Segment Start: Records supplied

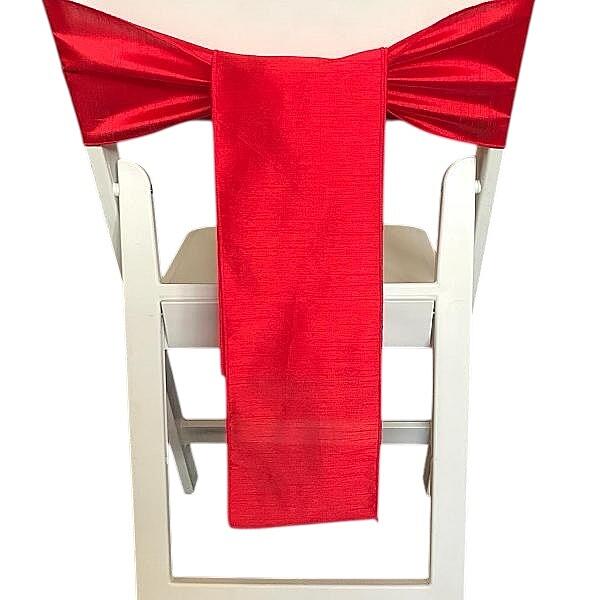 Chair Tie - Raw Silk - Red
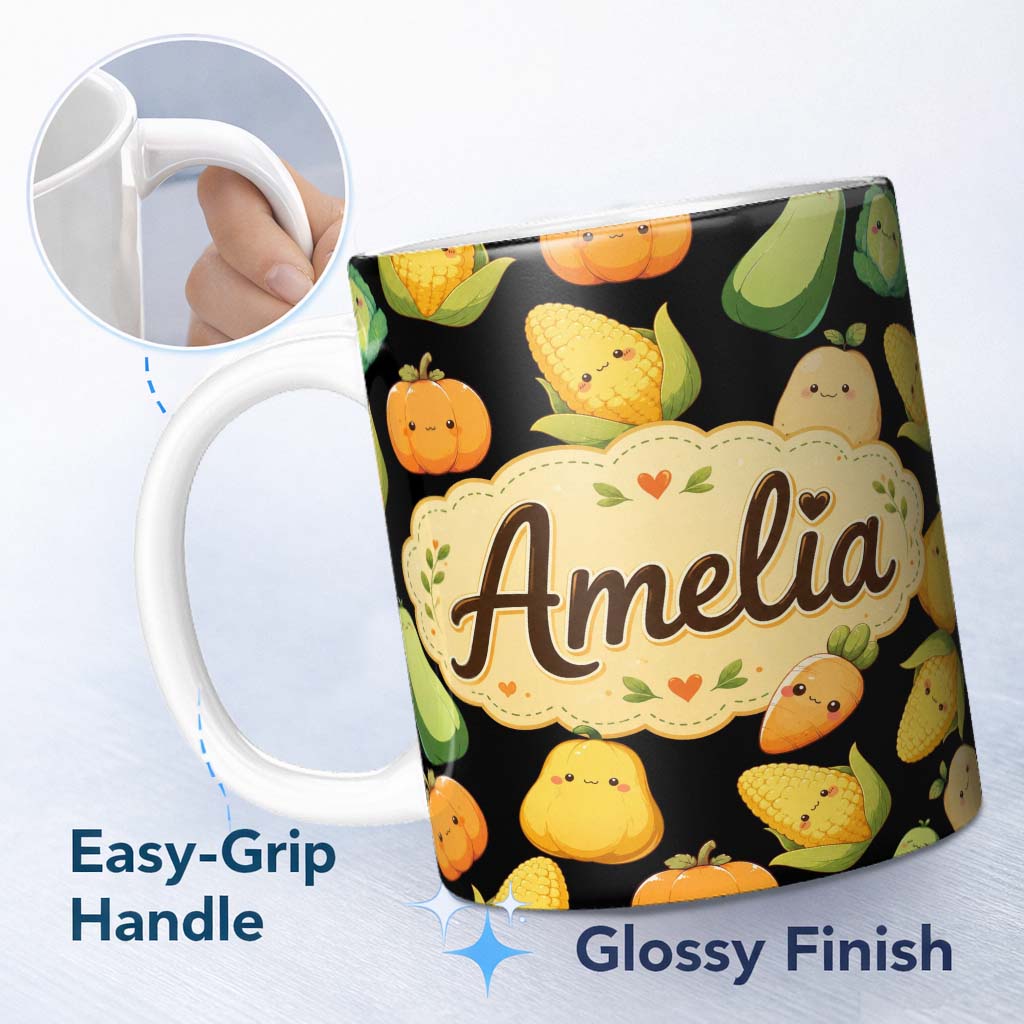 Personalized Custom Name Cute Kawaii Autumn Vegetables Corn Pumpkin Carrot Black Seamless 11oz Ceramic Coffee Tea Mug White Large Handle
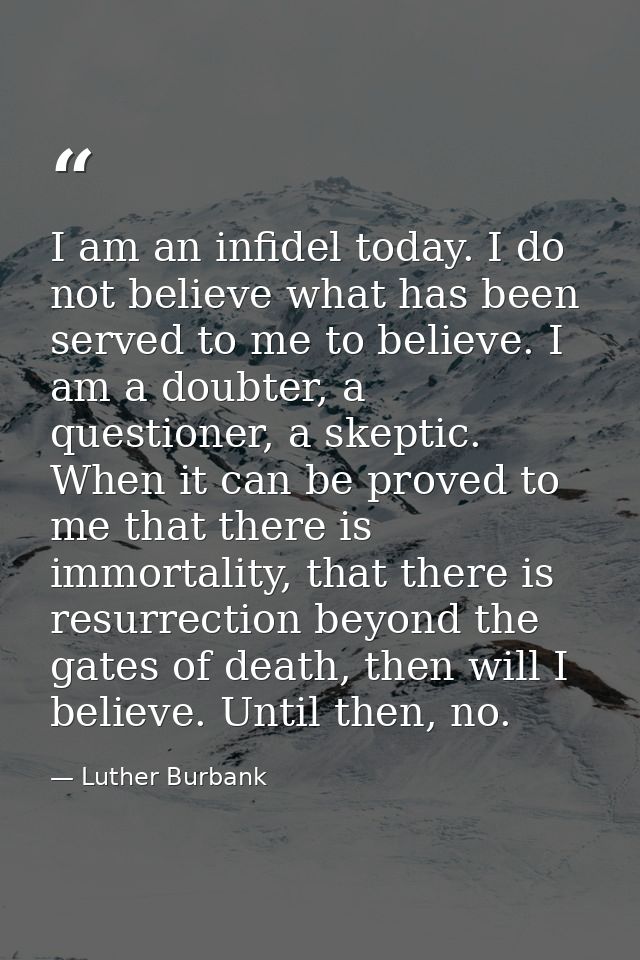 I am an infidel today. I do not believe what has been served to me to believe. I am a doubter, a questioner, a skeptic.  — Luther Burbank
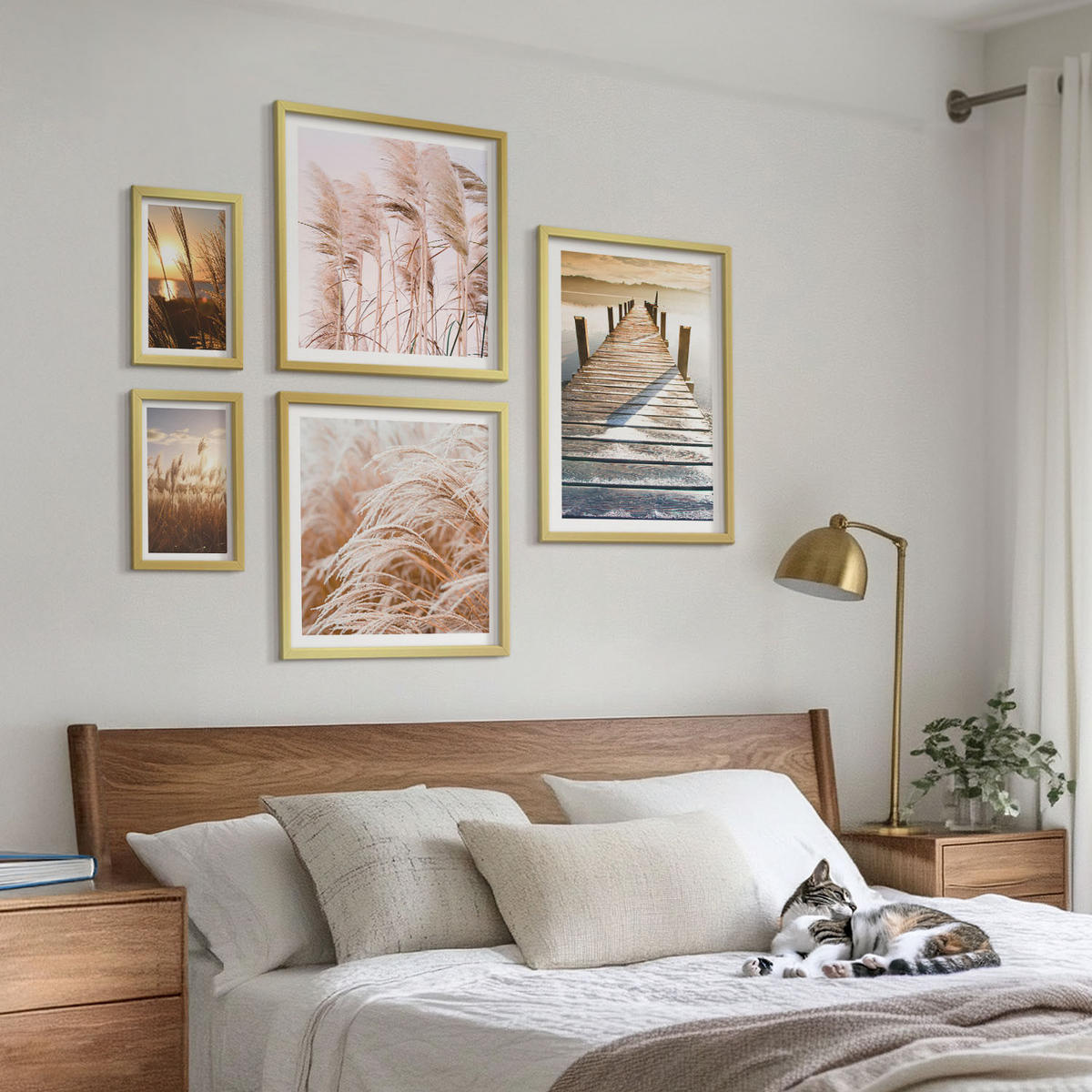 BILDER SET 5er Set - 50x50 cm & 20x30 cm & 40x60 cm Goldrahmen - Boho-Grasfeld-Sonnenuntergang - Goldfarben, Kunststoff (40/60cm) - TULUP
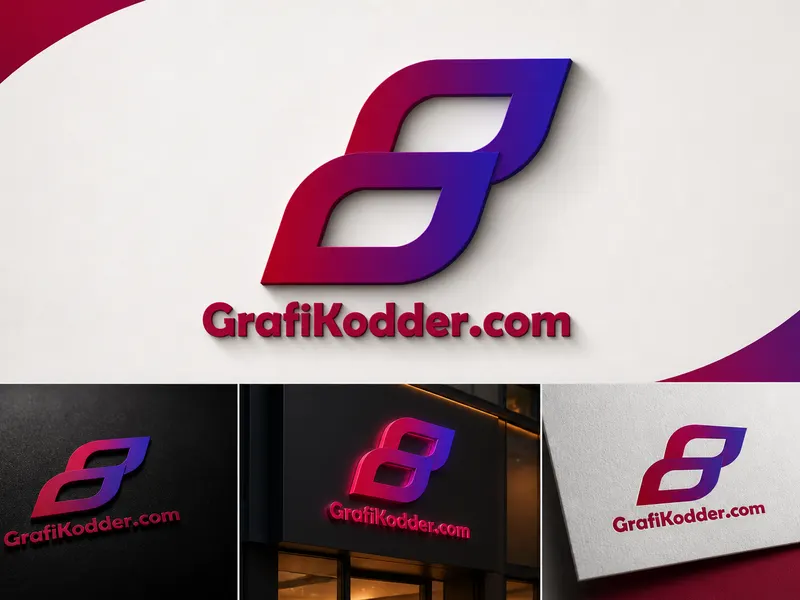 Grafikodder.com markası için hazırlanan gradyan renkli modern logo ve tabela üzerinde üç boyutlu kurumsal kimlik sunumu.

Segment End: Records supplied

With images omitted, output the data exactly as given.

 Chair Tie - Raw Silk - Red
 Personalized Custom Name Cute Kawaii Autumn Vegetables Corn Pumpkin Carrot Black Seamless 11oz Ceramic Coffee Tea Mug White Large Handle
 I am an infidel today. I do not believe what has been served to me to believe. I am a doubter, a questioner, a skeptic.  — Luther Burbank
 BILDER SET 5er Set - 50x50 cm & 20x30 cm & 40x60 cm Goldrahmen - Boho-Grasfeld-Sonnenuntergang - Goldfarben, Kunststoff (40/60cm) - TULUP
 Grafikodder.com markası için hazırlanan gradyan renkli modern logo ve tabela üzerinde üç boyutlu kurumsal kimlik sunumu.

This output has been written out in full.